Durante un segundo, ella se quedó mirándolo sin entender nada. Parecía que aquel hombre había visto a través de su ropa. Así que por eso la vigilaba con tanto interés.

- Es… es de Keith, no es mía. Se me había olvidado. Pensé que debía llevarla cuando salí a buscarlo.

La sacó y la puso sobre la encimera, agarrando la culata con el dedo índice y el dedo gordo como si quemara. Para su disgusto, él tomó una servilleta de papel de la encimera, agarró la pistola y la olfateó. ¿Acaso pensaba que ella había disparado? ¿A Keith?

- Mi marido tiene licencia -dijo.

- Bien. También es significativo que no se la haya llevado. Pero si usted no la maneja normalmente, y parece que no, tan sólo llevarla podría resultar más peligroso que ir desarmada.

Él miró por el cañón de la pistola con los ojos entrecerrados para ver si estaba cargada, mientras ella se mordía el labio y lo miraba fijamente. Él sacudió el arma y las seis balas del cargador salieron a la encimera. Ella se sintió avergonzada y enfadada por aquel sermón y por la actitud de aquel hombre. El sheriff debería estar haciendo todo lo posible por encontrar a Keith.

- ¿Por qué no me acompaña a echar un vistazo por la casa? -le pidió él, mientras dejaba la pistola en la encimera, a distancia de las balas.

- Por mí no hay problema, pero estaremos perdiendo el tiempo. ¿Y si está herido en algún sitio? ¿Y si ha caído al río? ¿Y si…

A medida que enumeraba aquellas posibilidades, se le quebró la voz.

- ¿Señora Malvern? -el sheriff la estaba esperando para que le mostrara la casa-. He dicho que es mejor asegurarnos de que las ventanas y las puertas están cerradas desde dentro. Si podemos averiguar si él salió…

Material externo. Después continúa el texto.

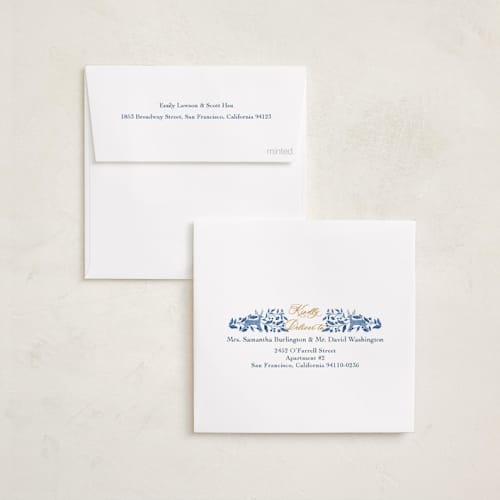 This is a porcelain foil pressed holiday cards with foil pressed by Elly called a peaceful winter printing on recycled smooth signature in square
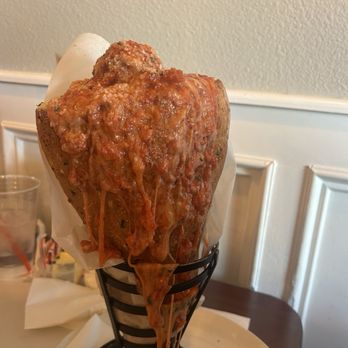 Amano - FAT BABY, with meatball just hanging out on top , Amazing - Pizza Near Me - Las Vegas, Nevada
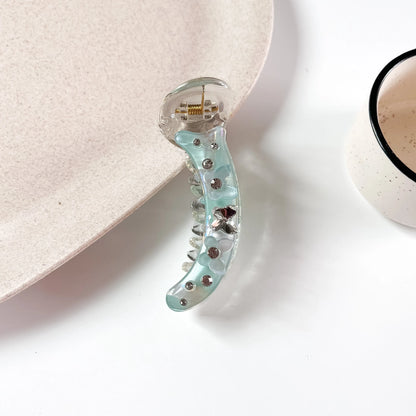 Flower crystal banana clip mint teal with crystal flower charms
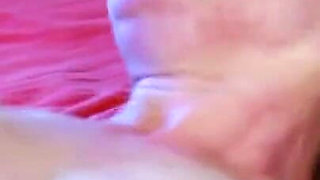 Nasty small tits brunette spayed on her chin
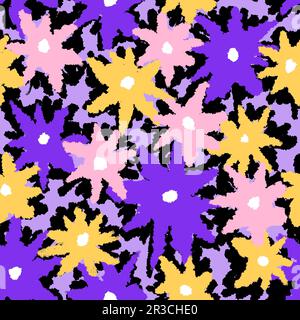 Motif sans couture dessiné à la main de fleurs colorées bleu violet rose jaune, imprimé fleuri été printemps. Fleur en forme de fleur claire, moderne et vive, motif botanique abstrait tendance, pétales de pâquerettes pour papier d'emballage textile Banque D'Images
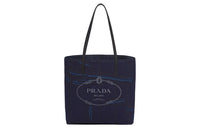 PRADA Printed Denim Tote Bag Shopping Bag Shoulder Bag Handbag Medium Size Women's Marine Blue/Black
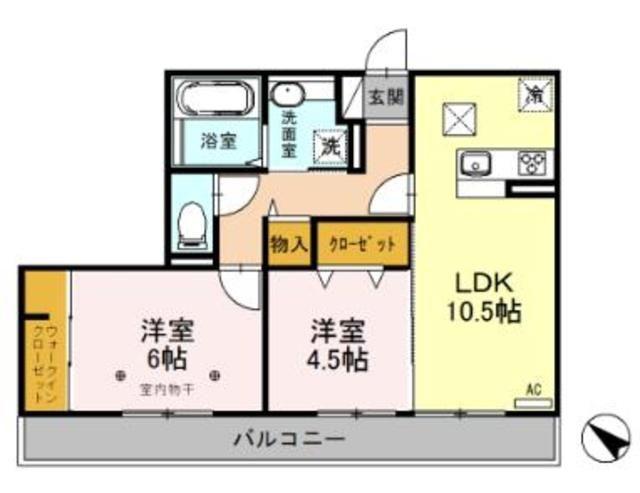 東武東上線 朝霞駅 徒歩24分 3階建 築8年(2LDK/3階)の間取り写真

- Ha debido de salir. Yo no he salido, y nadie ha estado aquí. Hemos estado trabajando mucho en una de las habitaciones de invitados hoy -insistió ella con desesperación, haciendo aspavientos-. Ni siquiera salimos para ir a buscar la cena; pedimos pizza.

- ¿Su marido es sonámbulo?

- No. Duerme como un muert… como un tronco -se corrigió ella, antes de prorrumpir en sollozos.

El sheriff se acercó a ella. Con los brazos rígidos, le tomó los hombros y la obligó a apoyarse en la puerta de la cocina. Para no caerse al suelo, ella se agarró a sus muñecas y sollozó.